**WORK ITEM:** Your answer must be an exact copy of the data below.

Stored items:
[Start of section]

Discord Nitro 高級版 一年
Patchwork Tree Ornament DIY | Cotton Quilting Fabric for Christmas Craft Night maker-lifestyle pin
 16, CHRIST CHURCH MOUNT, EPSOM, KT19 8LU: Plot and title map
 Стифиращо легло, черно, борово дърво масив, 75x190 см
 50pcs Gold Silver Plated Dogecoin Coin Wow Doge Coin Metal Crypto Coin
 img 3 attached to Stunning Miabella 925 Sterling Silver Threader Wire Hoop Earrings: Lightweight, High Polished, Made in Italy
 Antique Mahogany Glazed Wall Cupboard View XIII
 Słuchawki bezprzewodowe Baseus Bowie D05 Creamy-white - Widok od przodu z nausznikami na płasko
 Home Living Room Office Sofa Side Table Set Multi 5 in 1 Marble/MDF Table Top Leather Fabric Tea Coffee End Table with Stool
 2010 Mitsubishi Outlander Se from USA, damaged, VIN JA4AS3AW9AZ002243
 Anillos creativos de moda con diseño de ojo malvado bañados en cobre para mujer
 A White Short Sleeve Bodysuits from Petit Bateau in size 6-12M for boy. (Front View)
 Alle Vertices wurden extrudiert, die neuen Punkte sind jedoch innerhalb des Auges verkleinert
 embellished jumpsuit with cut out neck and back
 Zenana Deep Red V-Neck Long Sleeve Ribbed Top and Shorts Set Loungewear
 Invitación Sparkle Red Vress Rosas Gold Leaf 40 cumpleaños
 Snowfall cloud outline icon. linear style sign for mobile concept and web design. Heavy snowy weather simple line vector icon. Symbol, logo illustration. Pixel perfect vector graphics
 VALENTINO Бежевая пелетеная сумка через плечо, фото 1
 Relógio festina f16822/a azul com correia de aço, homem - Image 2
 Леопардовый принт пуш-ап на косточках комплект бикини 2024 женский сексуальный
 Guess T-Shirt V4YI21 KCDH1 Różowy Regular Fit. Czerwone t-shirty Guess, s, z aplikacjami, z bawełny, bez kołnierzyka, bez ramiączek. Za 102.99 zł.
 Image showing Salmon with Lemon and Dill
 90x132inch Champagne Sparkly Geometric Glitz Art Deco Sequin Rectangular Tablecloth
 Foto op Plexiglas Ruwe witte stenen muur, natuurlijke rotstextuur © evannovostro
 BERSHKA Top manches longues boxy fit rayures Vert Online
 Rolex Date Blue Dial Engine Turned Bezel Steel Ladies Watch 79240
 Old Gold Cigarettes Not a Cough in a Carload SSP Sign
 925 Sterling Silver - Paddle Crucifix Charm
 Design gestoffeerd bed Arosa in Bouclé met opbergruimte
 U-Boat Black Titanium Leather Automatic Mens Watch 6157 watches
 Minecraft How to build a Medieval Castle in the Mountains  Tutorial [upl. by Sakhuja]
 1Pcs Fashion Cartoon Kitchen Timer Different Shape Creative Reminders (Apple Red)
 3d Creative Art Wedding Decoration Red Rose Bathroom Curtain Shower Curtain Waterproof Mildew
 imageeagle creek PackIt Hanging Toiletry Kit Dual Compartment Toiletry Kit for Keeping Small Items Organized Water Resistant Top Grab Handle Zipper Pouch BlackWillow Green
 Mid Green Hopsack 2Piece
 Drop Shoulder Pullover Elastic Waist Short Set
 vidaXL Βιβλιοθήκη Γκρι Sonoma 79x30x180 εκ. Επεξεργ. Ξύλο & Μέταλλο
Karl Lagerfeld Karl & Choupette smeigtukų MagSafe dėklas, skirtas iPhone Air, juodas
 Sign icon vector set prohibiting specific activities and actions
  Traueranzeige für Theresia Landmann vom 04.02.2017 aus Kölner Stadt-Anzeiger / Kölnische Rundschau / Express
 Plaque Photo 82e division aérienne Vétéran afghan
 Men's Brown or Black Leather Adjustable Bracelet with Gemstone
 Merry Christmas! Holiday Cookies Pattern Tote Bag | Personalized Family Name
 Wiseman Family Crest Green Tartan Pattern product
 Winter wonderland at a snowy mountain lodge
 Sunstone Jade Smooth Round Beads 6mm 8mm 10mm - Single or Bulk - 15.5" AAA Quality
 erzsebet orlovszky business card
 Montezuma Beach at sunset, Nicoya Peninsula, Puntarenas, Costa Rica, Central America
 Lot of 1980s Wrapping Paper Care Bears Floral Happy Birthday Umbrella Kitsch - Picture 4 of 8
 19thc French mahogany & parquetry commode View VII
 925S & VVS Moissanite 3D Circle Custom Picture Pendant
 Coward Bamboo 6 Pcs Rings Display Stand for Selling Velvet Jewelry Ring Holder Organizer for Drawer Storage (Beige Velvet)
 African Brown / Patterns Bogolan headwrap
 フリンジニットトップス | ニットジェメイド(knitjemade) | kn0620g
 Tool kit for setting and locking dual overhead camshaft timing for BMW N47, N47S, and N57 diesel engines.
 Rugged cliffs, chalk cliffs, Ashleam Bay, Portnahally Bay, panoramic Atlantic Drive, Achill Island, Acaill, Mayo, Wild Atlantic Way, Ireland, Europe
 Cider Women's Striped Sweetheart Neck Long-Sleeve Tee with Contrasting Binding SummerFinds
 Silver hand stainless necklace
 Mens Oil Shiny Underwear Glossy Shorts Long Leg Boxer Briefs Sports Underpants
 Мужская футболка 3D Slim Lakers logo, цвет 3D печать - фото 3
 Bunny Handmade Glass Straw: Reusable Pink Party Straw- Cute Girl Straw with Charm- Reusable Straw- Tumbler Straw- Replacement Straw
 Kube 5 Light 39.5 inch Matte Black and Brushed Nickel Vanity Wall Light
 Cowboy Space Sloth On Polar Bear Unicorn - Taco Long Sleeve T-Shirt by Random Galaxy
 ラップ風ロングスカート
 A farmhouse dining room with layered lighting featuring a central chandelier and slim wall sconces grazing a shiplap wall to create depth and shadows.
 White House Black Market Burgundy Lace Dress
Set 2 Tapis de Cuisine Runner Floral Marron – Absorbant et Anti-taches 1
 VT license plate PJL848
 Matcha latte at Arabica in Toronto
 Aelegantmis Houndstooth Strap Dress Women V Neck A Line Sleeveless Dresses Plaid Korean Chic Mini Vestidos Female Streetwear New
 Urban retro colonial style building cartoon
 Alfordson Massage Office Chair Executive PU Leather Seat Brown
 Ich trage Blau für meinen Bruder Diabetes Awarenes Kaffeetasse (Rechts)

[End of section]

**REPLY:**
Discord Nitro 高級版 一年
Patchwork Tree Ornament DIY | Cotton Quilting Fabric for Christmas Craft Night maker-lifestyle pin
 16, CHRIST CHURCH MOUNT, EPSOM, KT19 8LU: Plot and title map
 Стифиращо легло, черно, борово дърво масив, 75x190 см
 50pcs Gold Silver Plated Dogecoin Coin Wow Doge Coin Metal Crypto Coin
 img 3 attached to Stunning Miabella 925 Sterling Silver Threader Wire Hoop Earrings: Lightweight, High Polished, Made in Italy
 Antique Mahogany Glazed Wall Cupboard View XIII
 Słuchawki bezprzewodowe Baseus Bowie D05 Creamy-white - Widok od przodu z nausznikami na płasko
 Home Living Room Office Sofa Side Table Set Multi 5 in 1 Marble/MDF Table Top Leather Fabric Tea Coffee End Table with Stool
 2010 Mitsubishi Outlander Se from USA, damaged, VIN JA4AS3AW9AZ002243
 Anillos creativos de moda con diseño de ojo malvado bañados en cobre para mujer
 A White Short Sleeve Bodysuits from Petit Bateau in size 6-12M for boy. (Front View)
 Alle Vertices wurden extrudiert, die neuen Punkte sind jedoch innerhalb des Auges verkleinert
 embellished jumpsuit with cut out neck and back
 Zenana Deep Red V-Neck Long Sleeve Ribbed Top and Shorts Set Loungewear
 Invitación Sparkle Red Vress Rosas Gold Leaf 40 cumpleaños
 Snowfall cloud outline icon. linear style sign for mobile concept and web design. Heavy snowy weather simple line vector icon. Symbol, logo illustration. Pixel perfect vector graphics
 VALENTINO Бежевая пелетеная сумка через плечо, фото 1
 Relógio festina f16822/a azul com correia de aço, homem - Image 2
 Леопардовый принт пуш-ап на косточках комплект бикини 2024 женский сексуальный
 Guess T-Shirt V4YI21 KCDH1 Różowy Regular Fit. Czerwone t-shirty Guess, s, z aplikacjami, z bawełny, bez kołnierzyka, bez ramiączek. Za 102.99 zł.
 Image showing Salmon with Lemon and Dill
 90x132inch Champagne Sparkly Geometric Glitz Art Deco Sequin Rectangular Tablecloth
 Foto op Plexiglas Ruwe witte stenen muur, natuurlijke rotstextuur © evannovostro
 BERSHKA Top manches longues boxy fit rayures Vert Online
 Rolex Date Blue Dial Engine Turned Bezel Steel Ladies Watch 79240
 Old Gold Cigarettes Not a Cough in a Carload SSP Sign
 925 Sterling Silver - Paddle Crucifix Charm
 Design gestoffeerd bed Arosa in Bouclé met opbergruimte
 U-Boat Black Titanium Leather Automatic Mens Watch 6157 watches
 Minecraft How to build a Medieval Castle in the Mountains  Tutorial [upl. by Sakhuja]
 1Pcs Fashion Cartoon Kitchen Timer Different Shape Creative Reminders (Apple Red)
 3d Creative Art Wedding Decoration Red Rose Bathroom Curtain Shower Curtain Waterproof Mildew
 imageeagle creek PackIt Hanging Toiletry Kit Dual Compartment Toiletry Kit for Keeping Small Items Organized Water Resistant Top Grab Handle Zipper Pouch BlackWillow Green
 Mid Green Hopsack 2Piece
 Drop Shoulder Pullover Elastic Waist Short Set
 vidaXL Βιβλιοθήκη Γκρι Sonoma 79x30x180 εκ. Επεξεργ. Ξύλο & Μέταλλο
Karl Lagerfeld Karl & Choupette smeigtukų MagSafe dėklas, skirtas iPhone Air, juodas
 Sign icon vector set prohibiting specific activities and actions
  Traueranzeige für Theresia Landmann vom 04.02.2017 aus Kölner Stadt-Anzeiger / Kölnische Rundschau / Express
 Plaque Photo 82e division aérienne Vétéran afghan
 Men's Brown or Black Leather Adjustable Bracelet with Gemstone
 Merry Christmas! Holiday Cookies Pattern Tote Bag | Personalized Family Name
 Wiseman Family Crest Green Tartan Pattern product
 Winter wonderland at a snowy mountain lodge
 Sunstone Jade Smooth Round Beads 6mm 8mm 10mm - Single or Bulk - 15.5" AAA Quality
 erzsebet orlovszky business card
 Montezuma Beach at sunset, Nicoya Peninsula, Puntarenas, Costa Rica, Central America
 Lot of 1980s Wrapping Paper Care Bears Floral Happy Birthday Umbrella Kitsch - Picture 4 of 8
 19thc French mahogany & parquetry commode View VII
 925S & VVS Moissanite 3D Circle Custom Picture Pendant
 Coward Bamboo 6 Pcs Rings Display Stand for Selling Velvet Jewelry Ring Holder Organizer for Drawer Storage (Beige Velvet)
 African Brown / Patterns Bogolan headwrap
 フリンジニットトップス | ニットジェメイド(knitjemade) | kn0620g
 Tool kit for setting and locking dual overhead camshaft timing for BMW N47, N47S, and N57 diesel engines.
 Rugged cliffs, chalk cliffs, Ashleam Bay, Portnahally Bay, panoramic Atlantic Drive, Achill Island, Acaill, Mayo, Wild Atlantic Way, Ireland, Europe
 Cider Women's Striped Sweetheart Neck Long-Sleeve Tee with Contrasting Binding SummerFinds
 Silver hand stainless necklace
 Mens Oil Shiny Underwear Glossy Shorts Long Leg Boxer Briefs Sports Underpants
 Мужская футболка 3D Slim Lakers logo, цвет 3D печать - фото 3
 Bunny Handmade Glass Straw: Reusable Pink Party Straw- Cute Girl Straw with Charm- Reusable Straw- Tumbler Straw- Replacement Straw
 Kube 5 Light 39.5 inch Matte Black and Brushed Nickel Vanity Wall Light
 Cowboy Space Sloth On Polar Bear Unicorn - Taco Long Sleeve T-Shirt by Random Galaxy
 ラップ風ロングスカート
 A farmhouse dining room with layered lighting featuring a central chandelier and slim wall sconces grazing a shiplap wall to create depth and shadows.
 White House Black Market Burgundy Lace Dress
Set 2 Tapis de Cuisine Runner Floral Marron – Absorbant et Anti-taches 1
 VT license plate PJL848
 Matcha latte at Arabica in Toronto
 Aelegantmis Houndstooth Strap Dress Women V Neck A Line Sleeveless Dresses Plaid Korean Chic Mini Vestidos Female Streetwear New
 Urban retro colonial style building cartoon
 Alfordson Massage Office Chair Executive PU Leather Seat Brown
 Ich trage Blau für meinen Bruder Diabetes Awarenes Kaffeetasse (Rechts)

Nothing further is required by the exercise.